Problem details: In the data below, find the line containing "Metal Engraved Serial"; transcribe it and each line after it exactly, through the last, skipping pictures.

+-------+

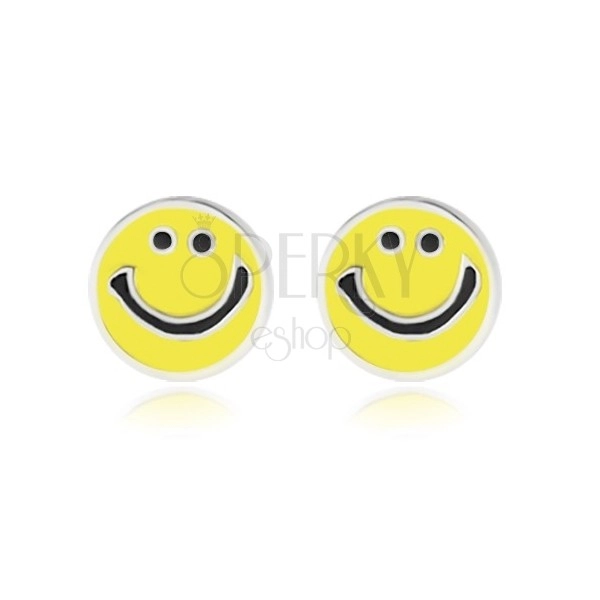 925 ezüst fülbevaló - mosolygó smiley sárga fénymázzal díszítve, bedugós fülbevaló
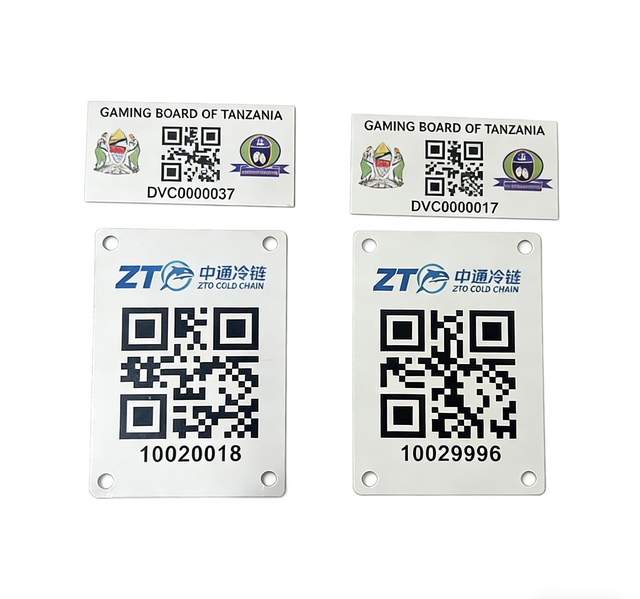 Metal Engraved Serial Number Nameplate, QR Code Barcode, Aluminum Asset Tag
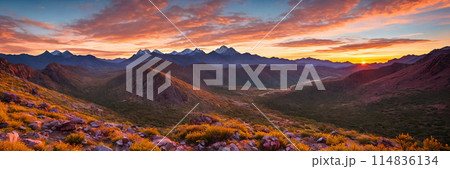 Rugged beauty of a mountain range at golden...のイラスト素材 [114836134] - PIXTA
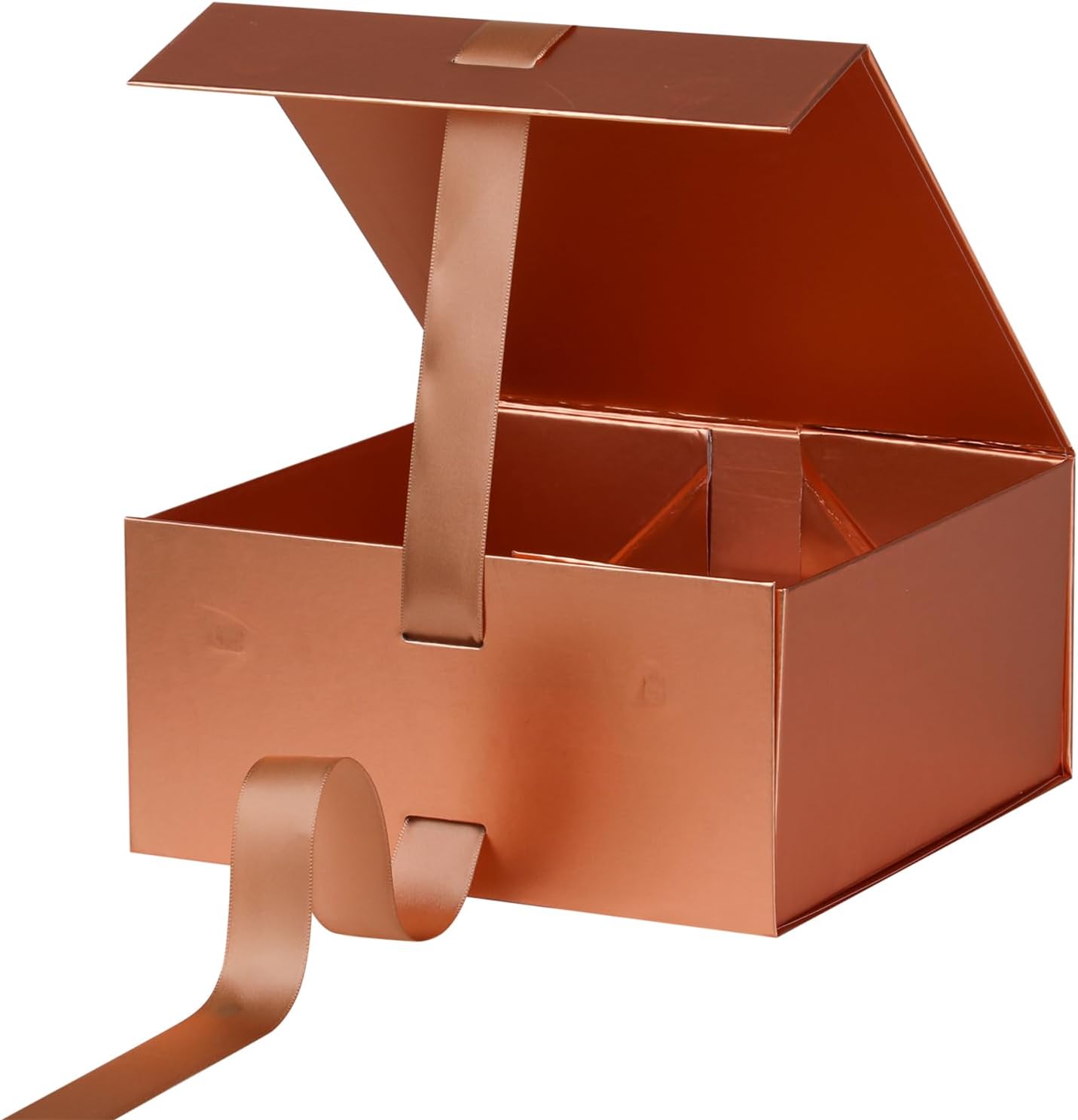 OEMVALATY Rose Gold Gift Box,6x6x3 Inches Gift Boxes with Lids for Presents with Magnetic Closure and Ribbon for Wedding,Storage,Birthday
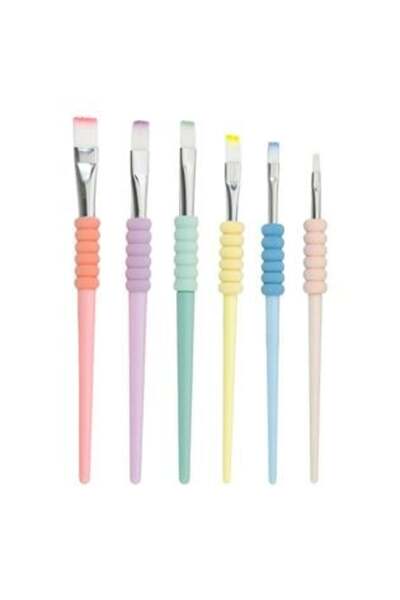Little President Set of 6 Flat Tip Painting Brushes, Soft Handle, Various Sizes,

+-------+

Your solution:
 Metal Engraved Serial Number Nameplate, QR Code Barcode, Aluminum Asset Tag
 Rugged beauty of a mountain range at golden...のイラスト素材 [114836134] - PIXTA
 OEMVALATY Rose Gold Gift Box,6x6x3 Inches Gift Boxes with Lids for Presents with Magnetic Closure and Ribbon for Wedding,Storage,Birthday
Little President Set of 6 Flat Tip Painting Brushes, Soft Handle, Various Sizes,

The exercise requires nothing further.